Energy Micro, the energy friendly microcontroller and radio company, has announced the availability of a new development kit for its EFM32 Gecko microcontroller family. Priced at $309, the kit includes full SEGGER J-Trace and J-Link support, reducing the need for additional debugging tools.
The new Gecko development kit, named EFM32G-DK3550, is equipped with the energy friendly ARM Cortex-M3 EFM32G890F128 microcontroller. It is based on the main board from the bigger Leopard and Giant Gecko kits, providing an extensive range of features, and helping to speed up development cycles.
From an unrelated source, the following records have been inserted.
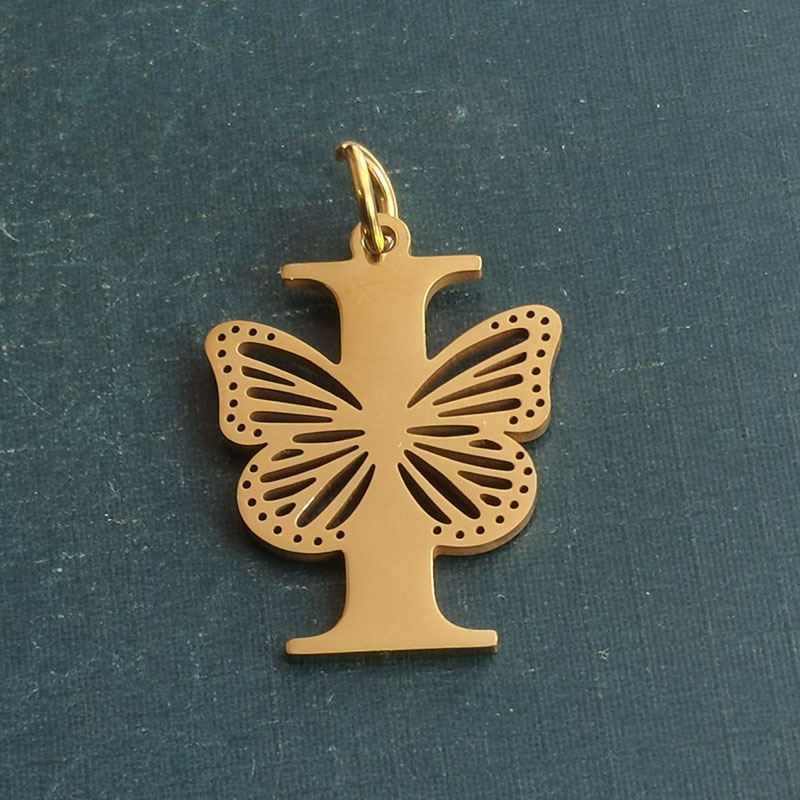 I gold pendant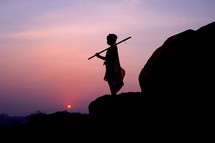 silhouette of a boy holding a stick at sunset 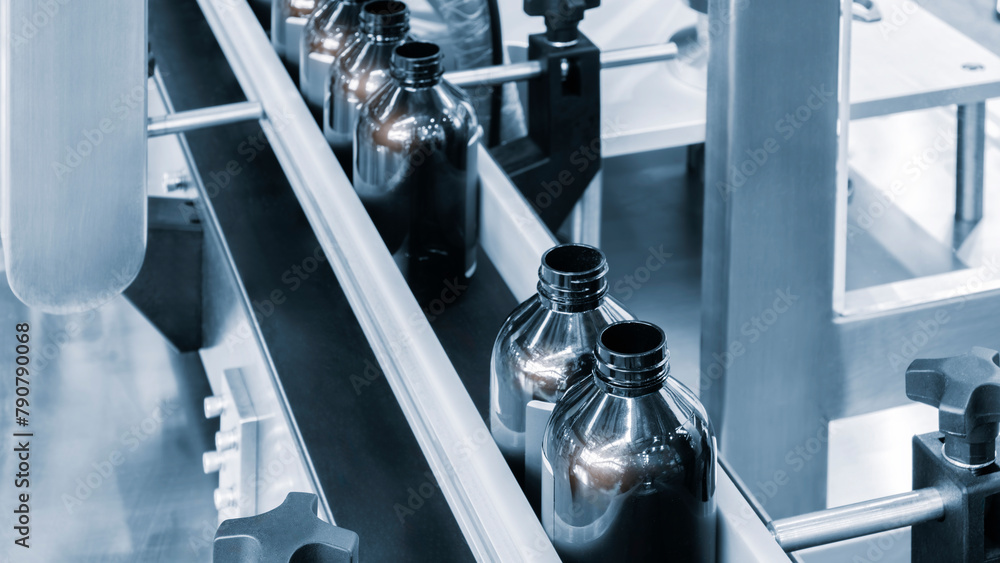 Poster a conveyor belt with bottles on it. the bottles are all the same color and are lined up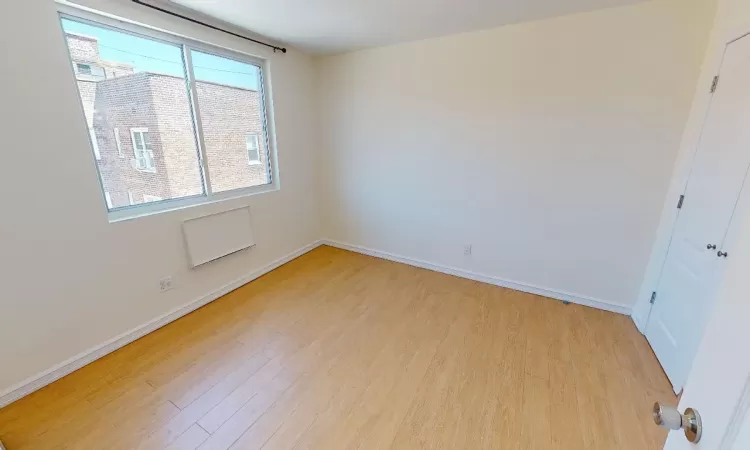 Spare room featuring light hardwood / wood-style floors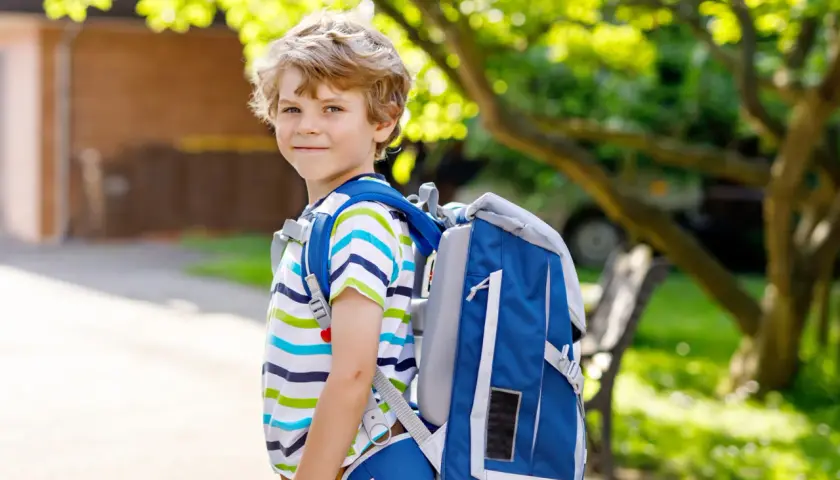 Niño sonriente con mochila azul, listo para ir al cole.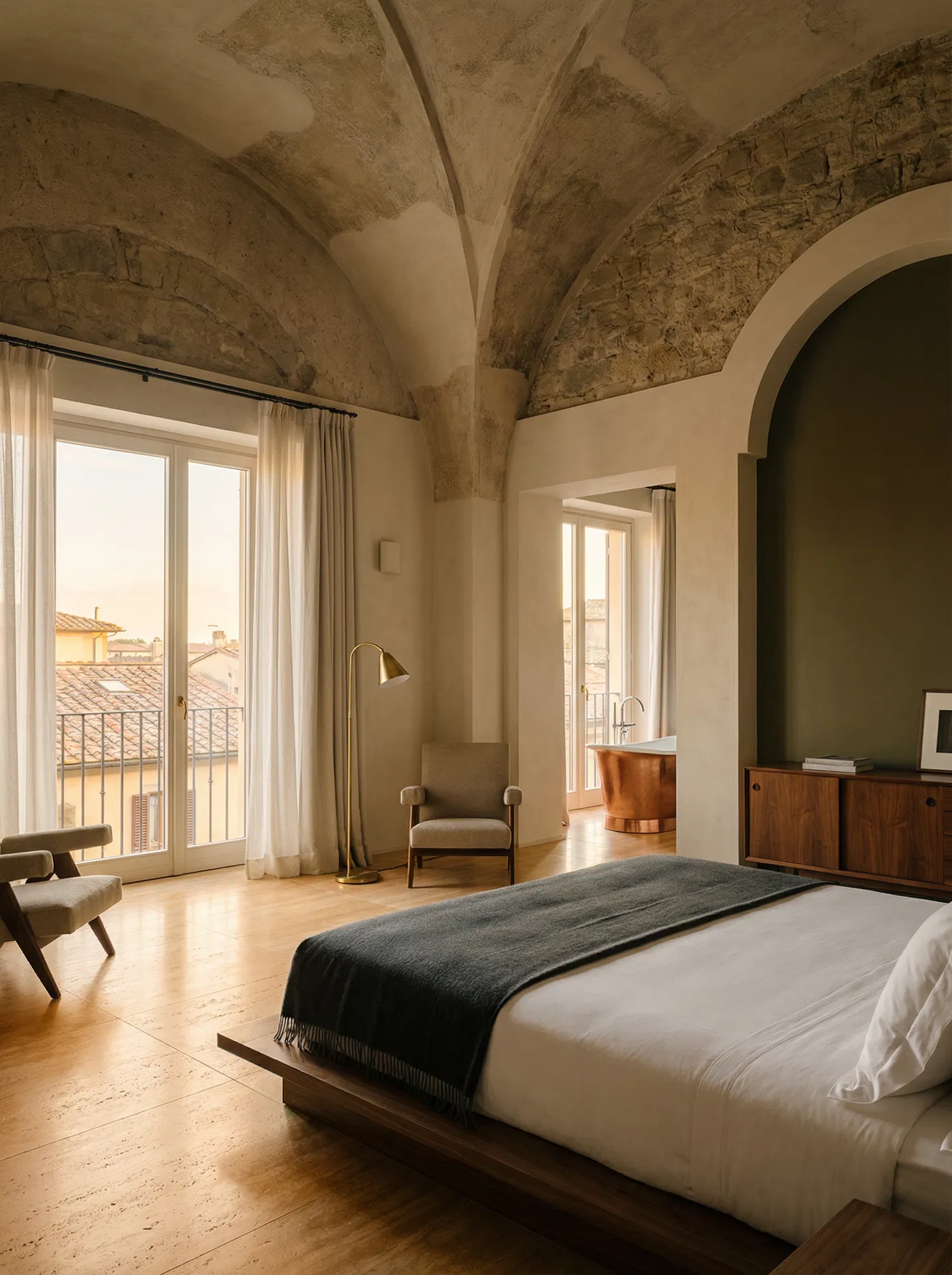 Modern Italian luxury suite with vaulted stone ceilings, copper bathtub, and Italian rooftop views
When using the EFM32G-DK3550, designers can directly access the Gecko MCU’s LCD and external bus interfaces. In addition the board offers a full complement of user interface hardware including a full color 320 x 240 resistive touch TFT display, supporting switches, a joystick and LEDs.
The list of kit features also includes a large, replaceable prototyping area, 16MB NOR-Flash and 4MB PSRAM, Ethernet MAC/PHY, support for MicroSD, audio I/O and I2S DAC, as well as an on-board USB debug interface. An on-board Advanced Energy Monitoring (AEM) system enables easy visualization of the prototype’s energy consumption.
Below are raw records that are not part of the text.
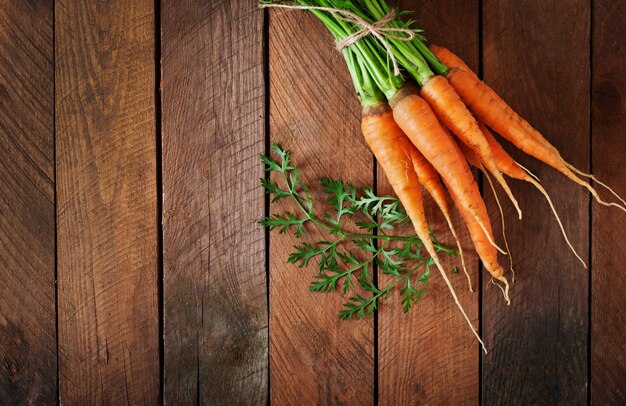 Bunch of fresh carrots with green leaves over wooden table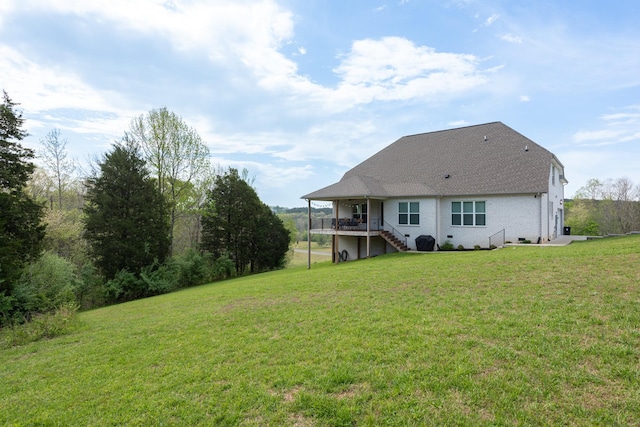 rear view of property featuring stairs, a yard, and a deck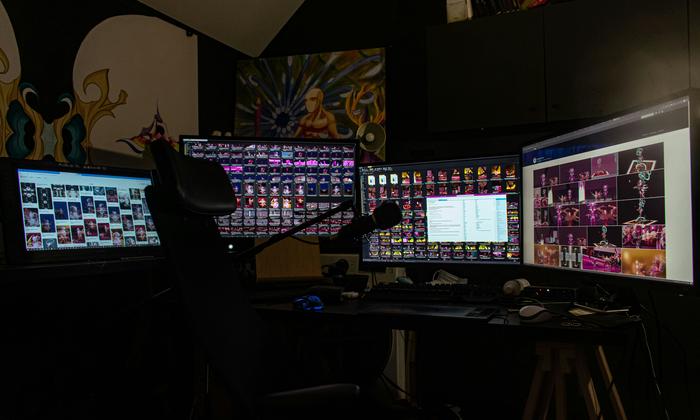 A person sitting in front of three computer monitors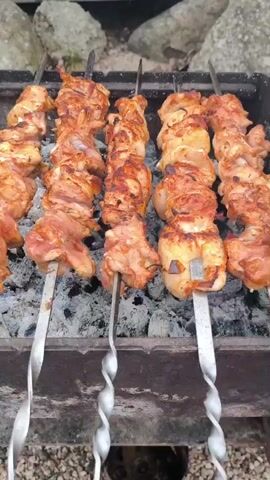 Here's a detailed description of the video:

The video shows a close-up view of several skewers of marinated and partially grilled meat over a charcoal grill. The skewers are made of silver metal and have a twisted design on the handle end. The meat appears to be chicken or pork, cut into roughly equal pieces and threaded onto the skewers. The meat is browned and shows some charring in spots.

The grill is made of dark metal and sits over a bed of glowing white-hot charcoal. There is a light amount of smoke rising from the cooking meat. The grill is situated outdoors, with light-colored gravel visible around its base. In the background, there are a few large, grey rocks.

There is a small child speaking in the background.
Supporting the EFM32G-DK3550 is Energy Micro’s Simplicity Studio suite, which includes the unique energyAware Profiler. Interfacing directly with the kit’s AEM system via USB, all relevant system data can be read out and presented on a host computer as real-time graphs of current consumption and the related object code. Simplicity Studio further contains all relevant EFM32 Gecko code examples and application notes, and ensures that developers always have the latest available information from Energy Micro.
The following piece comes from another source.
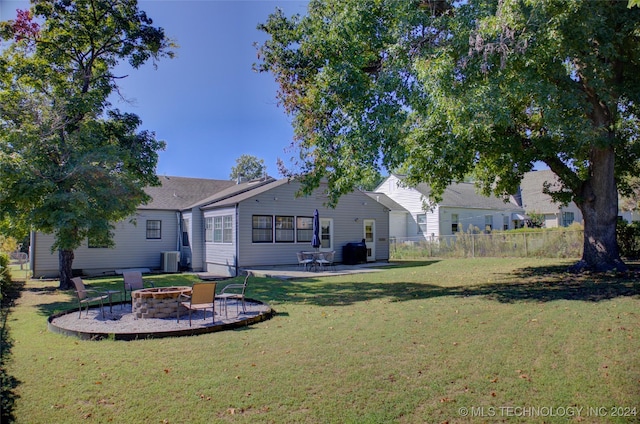 rear view of house with a yard, a fire pit, a patio area, and central air condition unit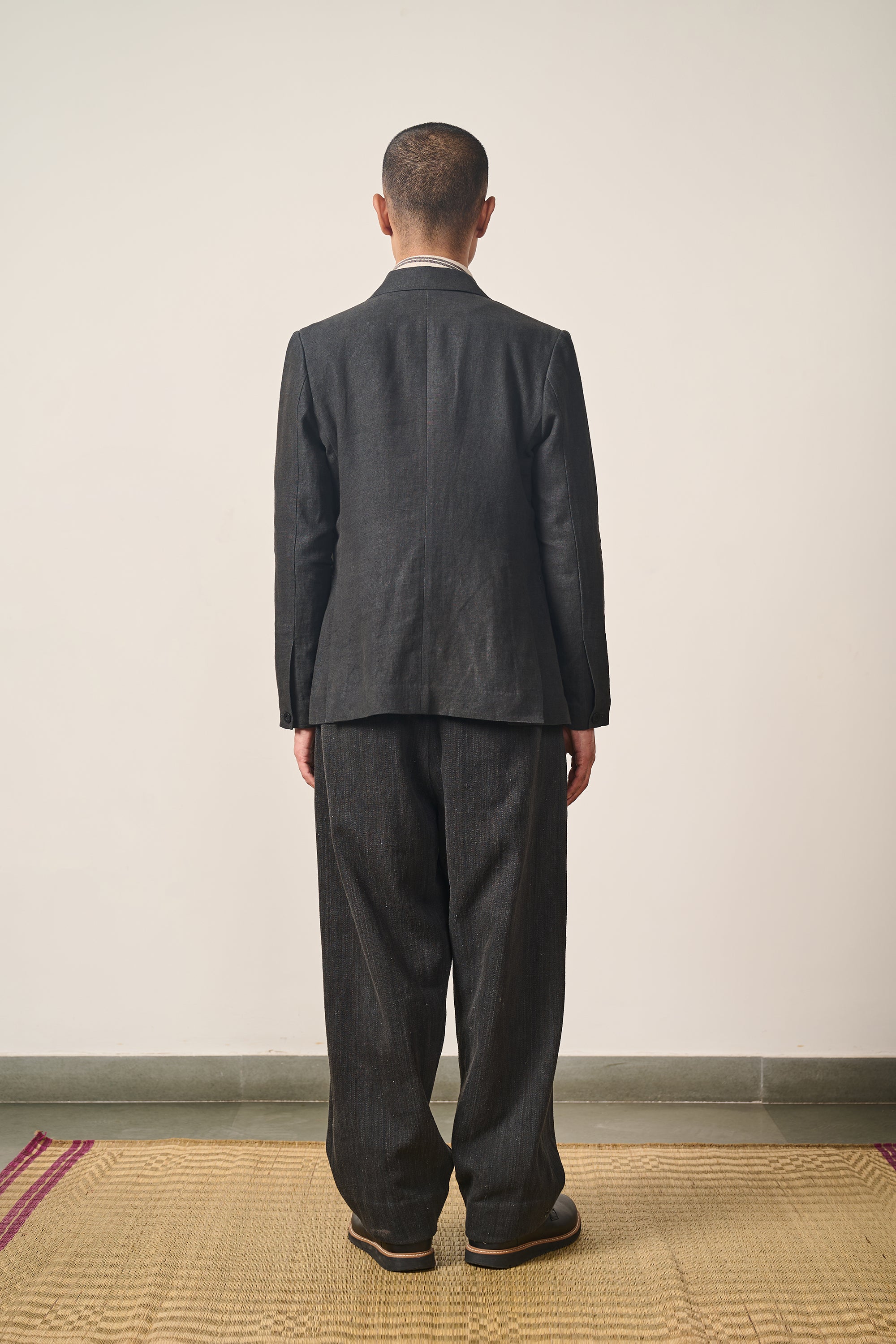 A back shot of a man wearing black jacket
The EFM32-DK3550 is available now, starting at $309. More information can be found at http://www.energymicro.com/tools/efm32g-dk3550
Energy Micro’s Gecko microcontroller portfolio consists of more than 240 variants based on the ARM Cortex-M processor cores, and includes Gecko Technology benchmarked to consume just a quarter of the energy of competing 8-bit, 16-bit and 32-bit MCUs.